Shaders and Rasterization

A shader is a small program that runs on the GPU. The name originates from “to shade” since early shaders calculated how light interacts with surfaces. Today the term encompasses any GPU program.

The key mental model shift from CPU programming: you write code for one element (a single pixel or vertex), and the GPU executes it across thousands of elements automatically.

The graphics pipeline processes geometry through several stages. Rasterization converts vector geometry (triangles defined by vertices) into a raster (a grid of pixels). After rasterization determines which pixels are covered by geometry, the fragment shader runs on each pixel to compute its final color. A fragment is a “potential pixel” that may still be discarded (e.g., occluded by another object) or blended before becoming a final pixel.
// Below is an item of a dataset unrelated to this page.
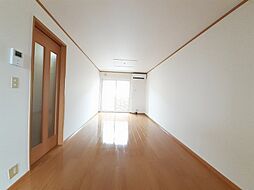 エレガンスヤツオＣ 102 1階1LDKのリビング/ダイニング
Early Vector Architectures

Early programmable GPUs used vec4 ALUs optimized for RGBA color processing. Each ALU processed all four components (X, Y, Z, W) of a single pixel simultaneously, but with a critical constraint: all four components had to execute the same operation.

ADD vec4 → [ADD on X | ADD on Y | ADD on Z | ADD on W]

This worked well for uniform color operations. The problem arose when shaders needed different operations per component, or scalar operations on single values. A scalar addition would mask out three components:

ADD scalar → [ADD on X | masked | masked | masked]

Three out of four lanes wasted per instruction. As shader workloads evolved to include more scalar and mixed operations, utilization dropped significantly.

VLIW Architecture

Very Long Instruction Word (VLIW) architectures solved the masking problem by allowing different opcodes per ALU within a single instruction.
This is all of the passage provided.